Filling the cavernous Union Chapel with her nervous energy, wonky charm and confessional lyrics, Martha Wainwright was on perky form at the first of two back-to-back shows in this landmark Islington venue. Playing London for the first time since Christmas 2019, the 45-year-old Montreal native half-jokingly apologised for the “dreadfully autobiographical” songs on her latest album, Love Will Be Reborn, which chronicles her acrimonious divorce from ex-husband Brad Albetta.

Backed by a small chamber-pop band, Wainwright opened with the album’s title track, a silky croon couched in feathery jazz percussion, which sounded deceptively cheery. “That’s about as optimistic as it gets,” she quipped. Other selections from the new album proved more unambiguously bleak, especially Report Card, a gorgeously desolate slow-motion country-folk waltz about the wrenching absences caused by shared child custody.
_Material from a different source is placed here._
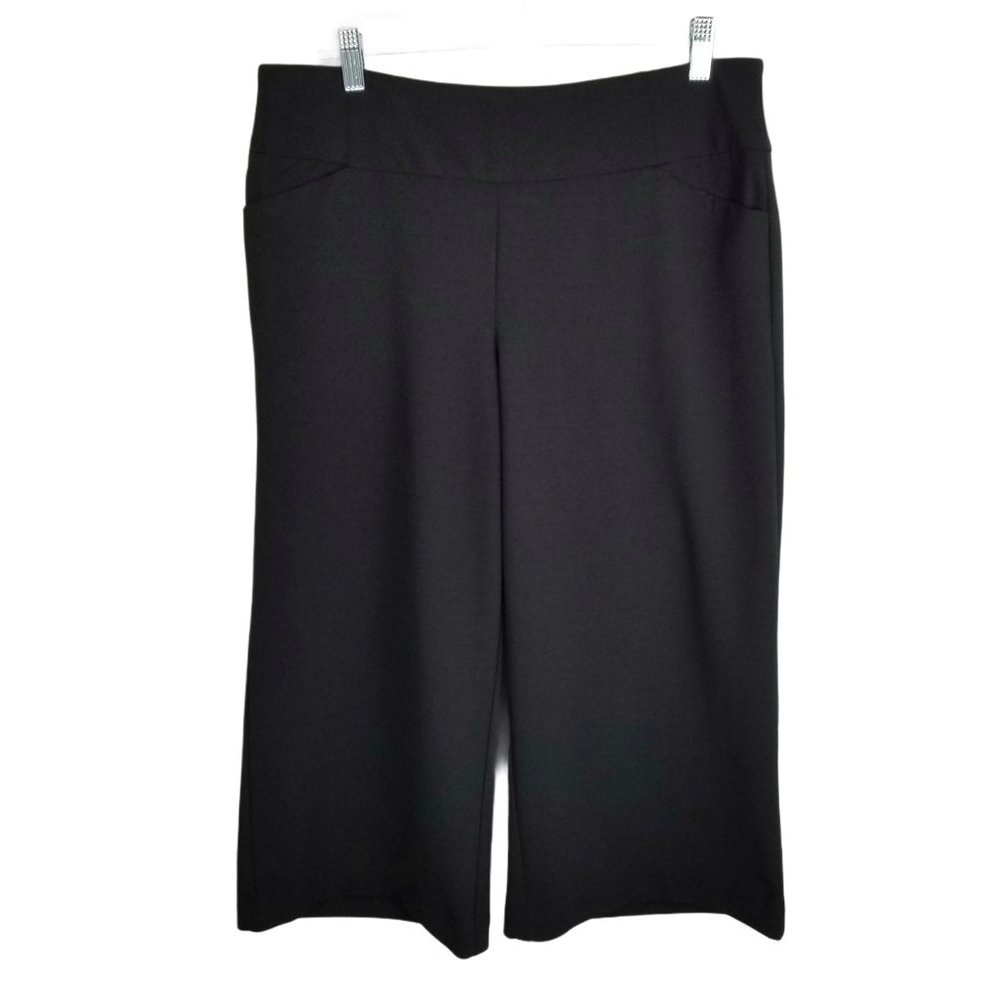 Relativity Black Stretchy Pull On Gaucho Pants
Behind her self-effacing humour and ramshackle demeanour, Wainwright knows how to quietly command a stage. Despite breaking a microphone in pieces mid-show, to much hilarity, her microphone technique was actually faultless, instinctively drawing closer to amplify breathy intimacy and pulling back during full-throated numbers. Similarly impressive was her virtuosic use of vocals as musical shading, adding texture and timbre, effortlessly switching gear between hushed whisper and melismatic yodel on emotionally raw tracks such as Justice and Body and Soul.
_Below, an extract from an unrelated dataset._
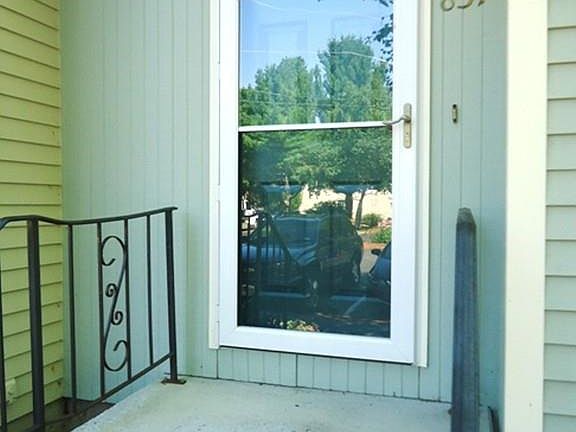 3rd image of 837 Fox Hollow Dr #837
Among the stand-out choices from Wainwright’s previous albums were Around The Bend, with its droll one-liners about sex and drugs (“I never get laid, people are too afraid”), and Factory, an impassioned acoustic strummer that swelled into a widescreen anthem with pleasing echoes of Prince’s Purple Rain. Although Wainwright made only fleeting references to her place within a sprawling dynasty of Canadian musical royalty, she did perform a jaunty piano version of Leonard Cohen’s bittersweet memorial to Janis Joplin, Chelsea Hotel#2, and a full-band choral reworking of Proserpina, the last song written by her late mother, the feted folk singer Kate McGarrigle.
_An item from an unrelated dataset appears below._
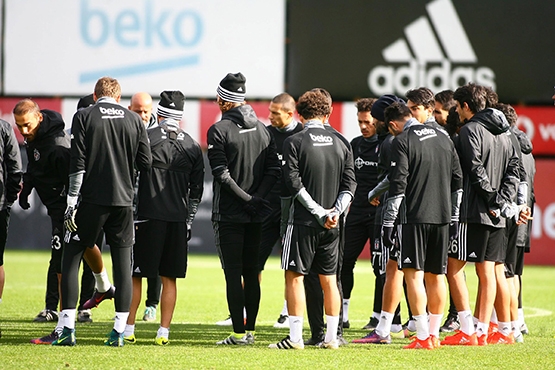 Beşiktaş'ın bugünkü antrenmanından kareler - Görsel 1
Most of this show was firmly rooted in vintage analogue Americana, with occasional flashes of more sonically adventurous terrain. The folksy back-porch atmosphere was agreeably warm-hearted, but it also became a little safe and samey. There was a frustrating sense of more exotic musical landscapes lurking just beyond the horizon, if only these skilled players would just push themselves a little further. Wainwright is a hugely charming performer, but she could afford to challenge her audience a little more. Giving your fans what they want is not always the most creatively rewarding policy.